Amazon AWS Certified Machine Learning Specialty – Modeling Part 16
44. Lab: Tuning a Convolutional Neural Network on EC2, Part 2
And we’re ready to go. So let’s go ahead and execute this first block of code here. First thing we need to do is import TensorFlow itself in the packages that we need. Again, the Python code itself is not important here. You will not be expected to actually understand or interpret or even look at Python code on the actual exam. First block usually takes a little bit longer because it has to go and load the guts of that environment first and import TensorFlow itself. All right, that completed. And if this is your first time using a jupyter notebook, the way that I ran that was I just clicked inside the block and I hit Shift Enter to run that code. All right, you could also just hit the run button here.
It would have the same effect. Way notebooks work is that you can intersperse code and documentation here along with the code. So we have this block of explanatory text here done in markup language, and then some actual Python code here that we can actually execute by selecting that block of code and just hitting Shift Enter. Now that we’ve loaded up all the packages we need, we can run this next block. All this is doing is loading up the MNIST data set itself and partitioning it into training and testing images and labels. So it’s going to split up our handwriting recognition data into a train test and a test set that we can hold out for evaluation purposes.

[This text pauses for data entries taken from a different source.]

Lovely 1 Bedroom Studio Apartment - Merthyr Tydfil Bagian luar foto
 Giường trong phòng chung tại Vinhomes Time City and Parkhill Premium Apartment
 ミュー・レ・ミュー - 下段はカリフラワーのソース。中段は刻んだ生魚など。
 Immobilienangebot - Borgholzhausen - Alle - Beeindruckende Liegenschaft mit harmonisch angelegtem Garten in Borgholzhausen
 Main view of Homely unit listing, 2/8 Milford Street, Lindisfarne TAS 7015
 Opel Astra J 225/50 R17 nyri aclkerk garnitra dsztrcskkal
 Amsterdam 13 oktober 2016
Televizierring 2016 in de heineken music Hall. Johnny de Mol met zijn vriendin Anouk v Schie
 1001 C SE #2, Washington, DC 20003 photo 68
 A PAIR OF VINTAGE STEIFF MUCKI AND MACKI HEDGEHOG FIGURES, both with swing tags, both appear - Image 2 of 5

And for each of those sets, we will have a set of image data and a set of label data indicating what the true intention was of what number that person was actually writing Shift Enter to run that downloads the data that it needs, and it’s done. All right, now we need to massage our data a bit. So usually when you’re doing machine learning, you can’t just use the data in the form that it came in. You have to transform it in some way first. And fundamentally, that’s what’s going on here. We’re going to reshape what is originally one dimensional pixel data into 2D images of 28 by 28 pixels each. So every input image is being shaped into a 2D array of 28 by 28 pixels. And as convolutional, neural networks deal with 2D images. And once we’re done with that, we are further going to cast it into floating point values, which is what our neural network expects, and that we also need to normalize the data. So the raw image data is going to be pixel values that range from zero to 255. Because it’s eight bit data, we need to scale that down to the range zero to one, which is what this division by 255 is doing. So this block of code is preparing our data. It’s formatting it in the structure that our neural network expects, and it’s scaling the data down to the range of data that our neural network expects. Generally, speaking neural networks like normalized data centered around zero. Furthermore, we need to deal with the label data as well. So we just dealt with massaging our image data.

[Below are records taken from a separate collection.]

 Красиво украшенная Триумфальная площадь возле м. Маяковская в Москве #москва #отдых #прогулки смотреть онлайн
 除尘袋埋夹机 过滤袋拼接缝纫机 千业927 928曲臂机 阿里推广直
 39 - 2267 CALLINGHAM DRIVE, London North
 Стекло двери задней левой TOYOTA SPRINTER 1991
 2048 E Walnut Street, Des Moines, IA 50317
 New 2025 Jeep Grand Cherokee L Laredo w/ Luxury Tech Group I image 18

The labels also need to be manipulated, as you might recall, neural networks like one hot encoded data. So the number one would, for example, be encoded as 01000 and so forth. We basically need to represent these in some sort of a binary fashion, and that’s what this two categorical function does for us. It’s just going to turn around and take all of those training and testing labels, which are integers from the zero to nine, and convert that to one hot format for us. All right, so now we can make sure that our data makes sense. All this is doing is actually displaying in line some of the sample data here so we can see what it looks like. So, for example, we have a function here that will display an image from our training set and we’ll call it to actually display sample number 1234. The library that actually displays the graphics needs to load up first, so that takes a moment. And there we have it. So we see here the sample data that we had here. We extracted an image that happens to be the number three. This is the image itself. The label associated with it is the number three. And we’re also looking at the one hot encoded format of that. So again, the number three in one hot format would be 0123. So we have a number one there in that fourth slot there.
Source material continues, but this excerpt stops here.